§ Extracted records:
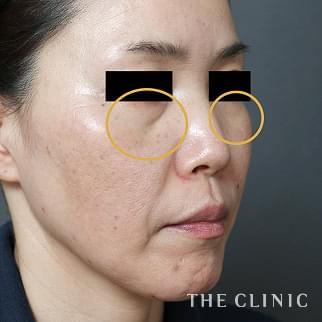 【THE CLINIC 症例画像】No.1205_1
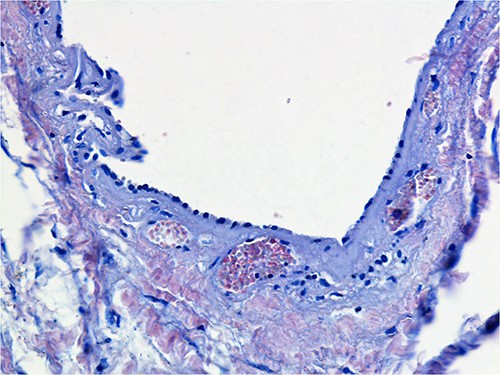Histopathology shows parts of the cyst’s wall lined by a single layer of cuboidal or flattened epithelium.
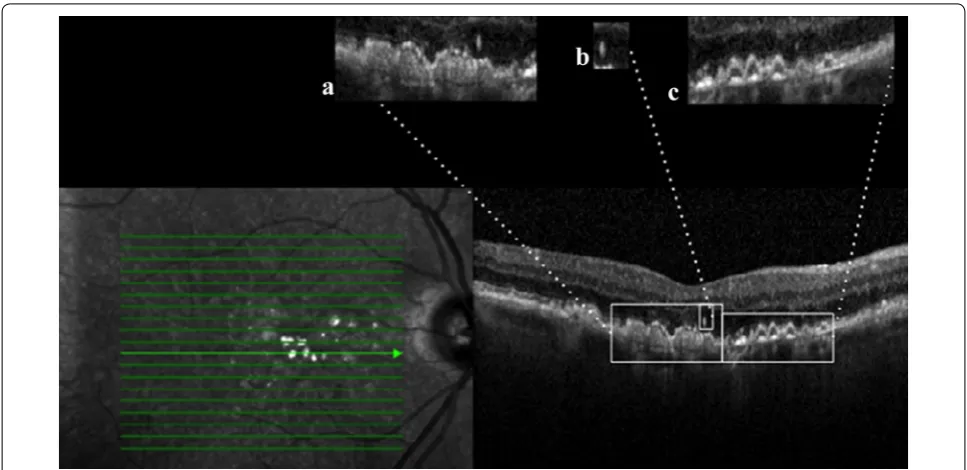 Fig. 2 Interpolation between microperimetric map and SD-OCT scans. Microperimetric map and BCEA area were superimposed onto infrared image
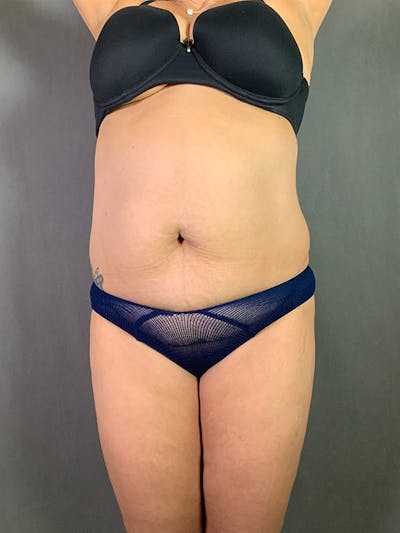 Standard Abdominoplasty Before & After Gallery - Patient 193668010 - Image 1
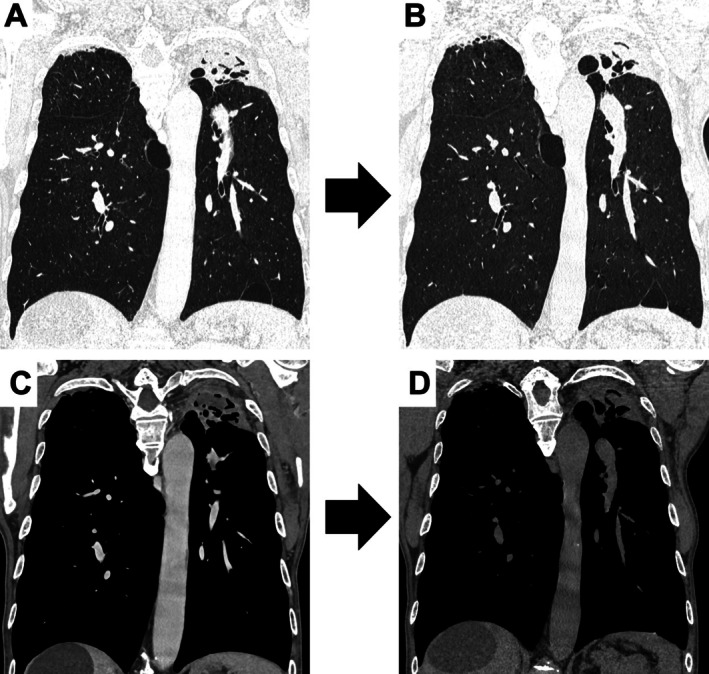 A Case of Bronchoscopic Removal of Aspergilloma in Patients With Non-Surgical Indications.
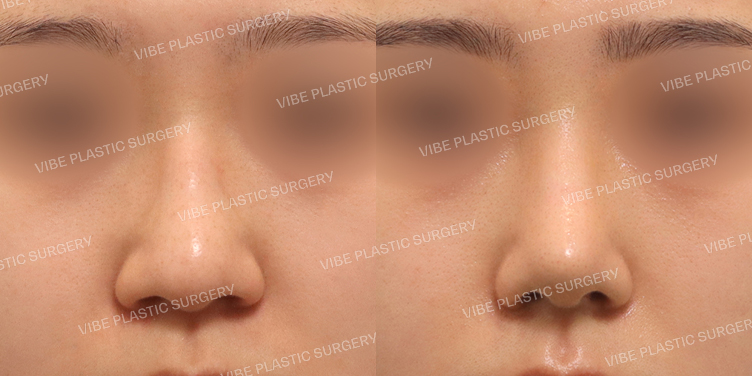 #무보형물 #매부리코 #복코 #긴코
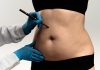 Lipoaspiração lidera preferência por cirurgias plásticas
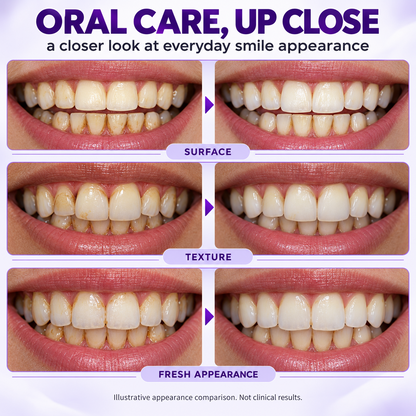 🇨🇦👨‍⚕️✅️👍Advanced Formula🦷Lazzda GumRevive Periodontal Repair Gel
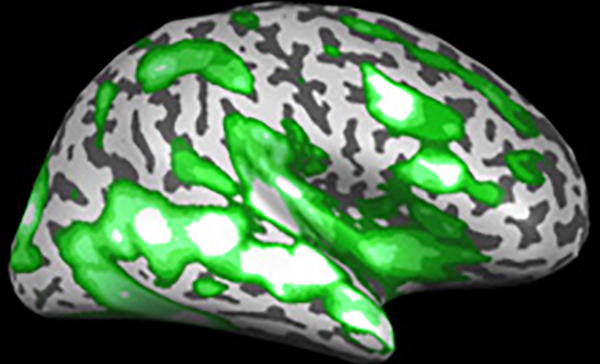 Brain and Cognitive Sciences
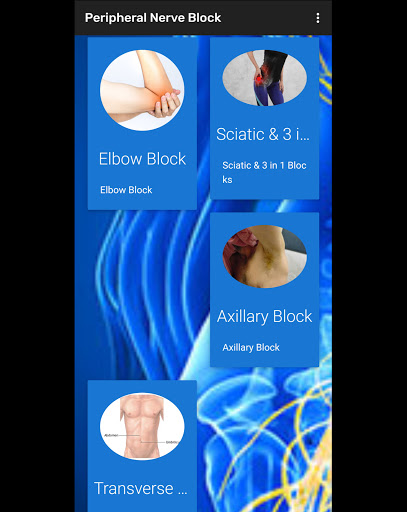 Peripheral Nerve Block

§ Problem description:
Leaving out any pictures, write the records above out exactly as they are.

§ Task solution:
 【THE CLINIC 症例画像】No.1205_1
Histopathology shows parts of the cyst’s wall lined by a single layer of cuboidal or flattened epithelium.
 Fig. 2 Interpolation between microperimetric map and SD-OCT scans. Microperimetric map and BCEA area were superimposed onto infrared image
 Standard Abdominoplasty Before & After Gallery - Patient 193668010 - Image 1
 A Case of Bronchoscopic Removal of Aspergilloma in Patients With Non-Surgical Indications.
 #무보형물 #매부리코 #복코 #긴코
 Lipoaspiração lidera preferência por cirurgias plásticas
 🇨🇦👨‍⚕️✅️👍Advanced Formula🦷Lazzda GumRevive Periodontal Repair Gel
 Brain and Cognitive Sciences
 Peripheral Nerve Block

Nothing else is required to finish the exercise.